A housing bubble, or real estate bubble, is an unsustainable increase in housing prices powered by speculation, heightened demand, and "irrational exuberance."
A housing bubble, like other kinds of economic bubbles, often occurs in the context of predatory lending, poorly thought out mortgages, and lowered interest rates with the Federal Reserve. This very constellation of factors came together to fuel the 2008 Subprime mortgage; subprime mortgages were named such because they were mortgages of lower quality.
What's worse, these subprime mortgages were secured by the big banks leading up to the 2008 housing market collapse. The fact that what otherwise would have been decentralized assets - housing markets are traditionally thought to be region-specific - became interconnected through the security process that created mortgage-backed securities and collateralized debt obligations out of these subprime mortgages. A collateralized debt obligation is technically structured asset-backed security; in the case of the housing market, the asset was the actual home.
The International Monetary Fund has found that housing bubbles may not occur as frequently as traditional equity bubbles, but housing bubbles can take twice as long for effected economies to recover from as equity bubbles.
This means that, although housing bubbles are less frequent, housing bubbles can potentially do more sustained damage to a national economy. As with both equity bubbles and housing bubbles, the unifying feature of all bubbles is the following: A heightened and unsustainable level of trading activity in which the price of the asset class is dramatically higher than the "intrinsic" value of that asset class. You can think of intrinsic value as what the asset class should be worth, or what the asset class (e.g., a home) would be worth in those times when trading was less frenzied.
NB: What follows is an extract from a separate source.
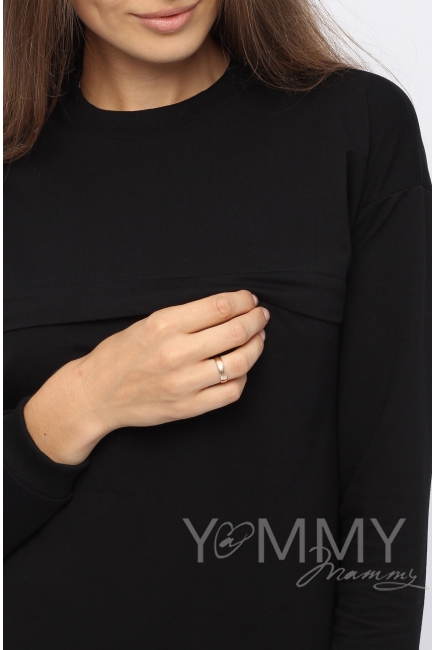 Джемпер для беременных и кормящих с удлиненной спинкой, черный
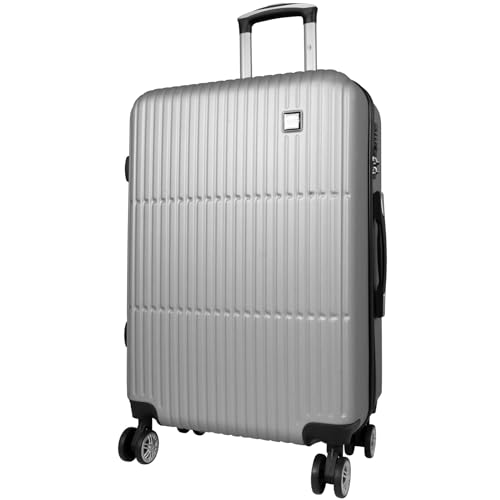 Trendyshop365 Koffer mittelgroß Hartschale Madrid 68cm 60 Liter 4 Rollen Silber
A bubble will "burst" when investors and the market realizes that the asset is overvalued and people scramble to sell off or "unload" the asset(s) that they purchased. What's seemingly paradoxical is the fact that the asset class often will be at its all-time high in terms of valuation right before the crash. That's exactly what happened prior to the 2008 subprime mortgage meltdown. Housing prices were through the roof before they suddenly collapsed as the mortgage holders and banks holding the mortgage-backed securities realized how overvalued home prices were and how unsatisfactory many of these mortgages were underneath all of the blusters.
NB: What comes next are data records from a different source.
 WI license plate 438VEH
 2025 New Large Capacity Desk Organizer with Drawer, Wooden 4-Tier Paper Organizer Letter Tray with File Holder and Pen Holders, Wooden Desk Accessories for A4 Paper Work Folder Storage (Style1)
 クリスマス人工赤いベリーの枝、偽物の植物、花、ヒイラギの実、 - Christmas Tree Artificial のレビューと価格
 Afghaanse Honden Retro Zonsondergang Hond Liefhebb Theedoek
The fact that the housing bubble caused such lasting damage to the U.S. economy is in perfect harmony with what economists from the International Monetary Fund predicted: housing bubbles happen less frequently than traditional equity bubbles, yet housing bubbles do more lingering damage to an economy. The Great Recession that followed the housing collapse officially lasted eighteen months, but President Barack Obama dealt with sky-high unemployment through a large swath of his first term.
Fortunately, the rules have since been tightened about who can offer mortgages. Today's home buying is based on a stable foundation - low home financing costs make home ownership especially enticing.